Zander is kind of irritating, and as an audience we're trained to stand behind our protagonist, Rico, when he gets himself into a love triangle, but Zander ultimately proves to be a decent enough guy, and Rico moves on to sleep with Dizzy, so it resolves itself pretty easily. Still, if one of these characters had to get gray matter sucked out of their head by the brain bug's feeding spike, Zander would probably have been the audience's first choice.

It's difficult to forget this moment after seeing chunks of Zander's brain move through a semi-transparent tube and into the brain bug while it chows down greedily, especially when it's all gone and the brain bug makes a sound like it's sucking on an empty straw. Zander's white-eyed, hollowed-out head is an image that tends to stick around in the mind. We wouldn't recommend pausing here for any great length of time, but it's worth doing it for a moment or two, just to take in the overall visual effect.

The kids aren't alright

"Starship Troopers" is particularly interested in the implications of young people becoming soldiers. The journeys of Rico, Carmen, and Carl happen mostly separately, but we still see them as kids in high school before we see them as soldiers or military officers, and we can see the changes they endure. By the movie's conclusion, Carl is a leader in military intelligence, Carmen is a Fleet captain, and Rico is commanding the Roughnecks — a platoon that suddenly includes several brand-new recruits.
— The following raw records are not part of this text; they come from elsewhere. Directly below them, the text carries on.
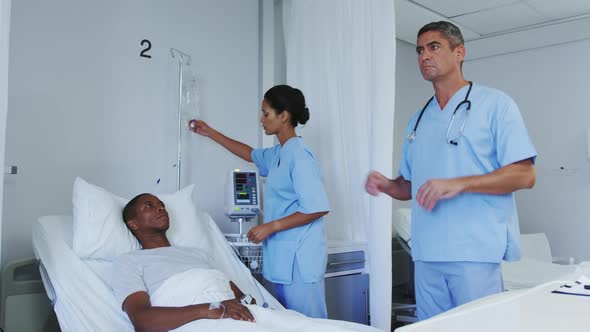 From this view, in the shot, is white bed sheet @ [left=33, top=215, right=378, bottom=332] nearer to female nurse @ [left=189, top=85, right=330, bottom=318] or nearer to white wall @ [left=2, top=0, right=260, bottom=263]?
female nurse @ [left=189, top=85, right=330, bottom=318]

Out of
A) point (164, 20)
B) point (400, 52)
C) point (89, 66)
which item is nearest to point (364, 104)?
point (164, 20)

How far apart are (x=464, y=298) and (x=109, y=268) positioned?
1231 millimetres

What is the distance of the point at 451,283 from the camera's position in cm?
153

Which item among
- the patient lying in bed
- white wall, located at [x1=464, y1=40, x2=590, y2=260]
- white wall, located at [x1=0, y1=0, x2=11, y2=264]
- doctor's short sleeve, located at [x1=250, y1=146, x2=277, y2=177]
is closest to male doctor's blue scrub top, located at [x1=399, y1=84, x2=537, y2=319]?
the patient lying in bed

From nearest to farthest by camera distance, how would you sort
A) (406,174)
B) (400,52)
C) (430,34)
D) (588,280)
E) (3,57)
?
(588,280) < (3,57) < (430,34) < (406,174) < (400,52)

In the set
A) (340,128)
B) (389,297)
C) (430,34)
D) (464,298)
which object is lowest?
(389,297)

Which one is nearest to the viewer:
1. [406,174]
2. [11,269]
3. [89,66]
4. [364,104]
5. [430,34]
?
[430,34]

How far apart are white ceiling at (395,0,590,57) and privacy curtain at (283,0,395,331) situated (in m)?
0.81

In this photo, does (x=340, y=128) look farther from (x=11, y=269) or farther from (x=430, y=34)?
(x=11, y=269)

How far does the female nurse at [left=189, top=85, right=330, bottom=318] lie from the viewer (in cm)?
198

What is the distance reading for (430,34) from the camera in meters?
1.61

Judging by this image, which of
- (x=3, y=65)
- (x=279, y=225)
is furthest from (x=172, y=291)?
(x=3, y=65)

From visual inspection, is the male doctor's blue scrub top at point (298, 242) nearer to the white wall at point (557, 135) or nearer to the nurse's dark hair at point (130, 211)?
the nurse's dark hair at point (130, 211)

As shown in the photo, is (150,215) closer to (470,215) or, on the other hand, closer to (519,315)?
(470,215) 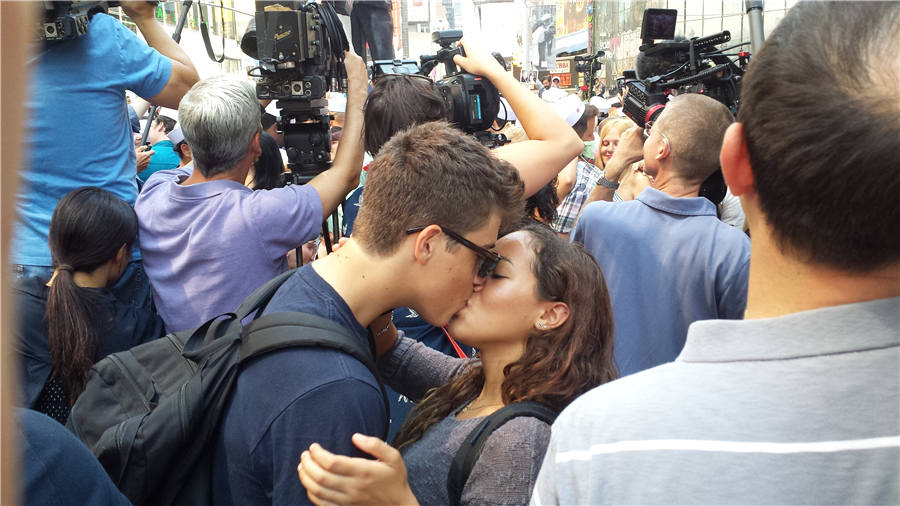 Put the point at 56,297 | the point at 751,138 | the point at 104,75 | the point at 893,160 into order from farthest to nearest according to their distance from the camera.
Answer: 1. the point at 104,75
2. the point at 56,297
3. the point at 751,138
4. the point at 893,160

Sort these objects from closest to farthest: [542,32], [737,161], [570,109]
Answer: [737,161]
[570,109]
[542,32]

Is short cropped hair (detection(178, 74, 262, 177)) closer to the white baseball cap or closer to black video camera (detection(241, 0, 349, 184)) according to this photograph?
black video camera (detection(241, 0, 349, 184))

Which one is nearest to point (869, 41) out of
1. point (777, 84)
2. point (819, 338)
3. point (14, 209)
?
point (777, 84)

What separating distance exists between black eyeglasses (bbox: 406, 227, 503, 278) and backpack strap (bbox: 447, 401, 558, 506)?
38cm

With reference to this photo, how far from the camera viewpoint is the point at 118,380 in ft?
5.87

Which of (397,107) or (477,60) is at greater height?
(477,60)

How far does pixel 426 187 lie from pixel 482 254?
23 cm

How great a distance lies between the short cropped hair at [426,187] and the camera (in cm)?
183

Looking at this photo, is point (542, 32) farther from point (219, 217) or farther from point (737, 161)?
point (737, 161)

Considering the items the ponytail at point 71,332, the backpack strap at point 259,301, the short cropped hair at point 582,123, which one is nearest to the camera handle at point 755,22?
the backpack strap at point 259,301

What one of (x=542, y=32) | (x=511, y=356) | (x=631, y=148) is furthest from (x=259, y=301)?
(x=542, y=32)

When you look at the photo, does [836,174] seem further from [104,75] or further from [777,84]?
[104,75]

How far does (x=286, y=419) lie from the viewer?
4.89 feet

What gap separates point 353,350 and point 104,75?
2.02 meters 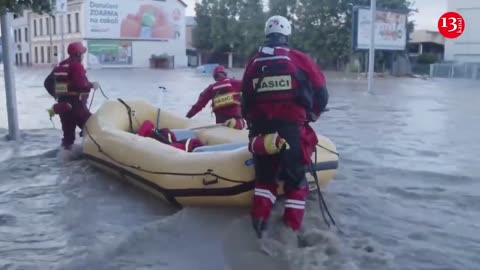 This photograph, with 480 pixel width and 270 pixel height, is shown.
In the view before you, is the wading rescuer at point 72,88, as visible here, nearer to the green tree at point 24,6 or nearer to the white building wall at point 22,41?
the green tree at point 24,6

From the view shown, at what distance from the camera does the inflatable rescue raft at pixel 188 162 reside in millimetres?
5309

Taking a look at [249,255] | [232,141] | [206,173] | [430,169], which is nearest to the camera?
[249,255]

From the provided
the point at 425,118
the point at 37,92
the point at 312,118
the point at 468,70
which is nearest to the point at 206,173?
the point at 312,118

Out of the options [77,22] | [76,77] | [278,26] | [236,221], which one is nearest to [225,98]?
[76,77]

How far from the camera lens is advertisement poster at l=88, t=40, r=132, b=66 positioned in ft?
192

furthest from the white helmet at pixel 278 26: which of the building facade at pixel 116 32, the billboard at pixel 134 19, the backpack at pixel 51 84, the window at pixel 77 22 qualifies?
the window at pixel 77 22

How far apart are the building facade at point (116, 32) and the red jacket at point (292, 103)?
174 ft

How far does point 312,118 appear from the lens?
496 centimetres

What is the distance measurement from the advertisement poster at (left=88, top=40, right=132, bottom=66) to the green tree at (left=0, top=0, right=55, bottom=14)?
51.6m

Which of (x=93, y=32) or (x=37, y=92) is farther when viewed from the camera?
(x=93, y=32)

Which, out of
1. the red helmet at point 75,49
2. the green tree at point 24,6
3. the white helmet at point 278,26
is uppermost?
the green tree at point 24,6

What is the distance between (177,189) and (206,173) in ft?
1.33

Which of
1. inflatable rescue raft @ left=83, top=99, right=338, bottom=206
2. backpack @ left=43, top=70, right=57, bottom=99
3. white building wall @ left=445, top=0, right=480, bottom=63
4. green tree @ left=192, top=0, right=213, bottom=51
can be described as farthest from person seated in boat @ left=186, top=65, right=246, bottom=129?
green tree @ left=192, top=0, right=213, bottom=51

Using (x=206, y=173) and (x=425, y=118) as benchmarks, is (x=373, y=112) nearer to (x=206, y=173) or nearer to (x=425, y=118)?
(x=425, y=118) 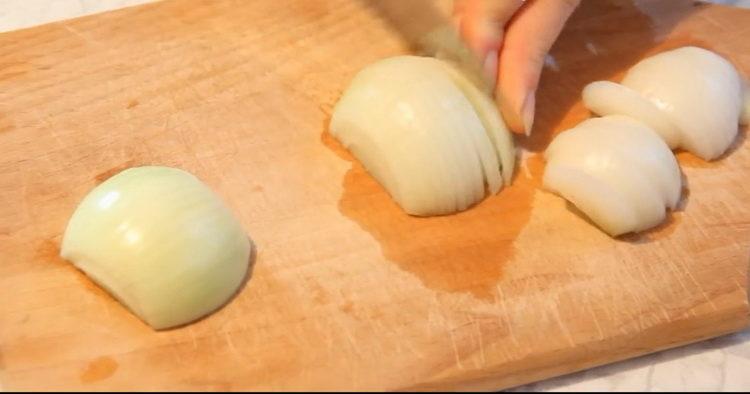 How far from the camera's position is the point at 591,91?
5.10ft

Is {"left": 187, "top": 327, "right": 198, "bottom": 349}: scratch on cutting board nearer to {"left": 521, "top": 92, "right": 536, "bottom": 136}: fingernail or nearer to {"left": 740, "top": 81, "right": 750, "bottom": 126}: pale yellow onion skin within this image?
{"left": 521, "top": 92, "right": 536, "bottom": 136}: fingernail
Before his first mission as a lieutenant on Planet P, Rico looks over his newest soldiers, most of whom appear significantly younger than the protagonists of "Starship Troopers" were when they began training. In the propaganda videos throughout the film, we've seen kids dressing up as soldiers or smashing ordinary bugs in the street in an effort to "do their part." This moment takes that notion to its logical extreme, as the depleted Roughnecks are given literal children to re-fill their ranks. And of course, all Rico does is make a joke to Ace about them being old men.

 In the final sequence of the movie (via another propaganda video), Rico can be seen repeating Rasczak's words to egg his soldiers on ("Come on, you apes, you wanna live forever?") and the last words that flash across the screen are "They'll keep fighting ... and they'll win!" The message is clear: the kids are going to keep going into the meat grinder, getting younger and younger.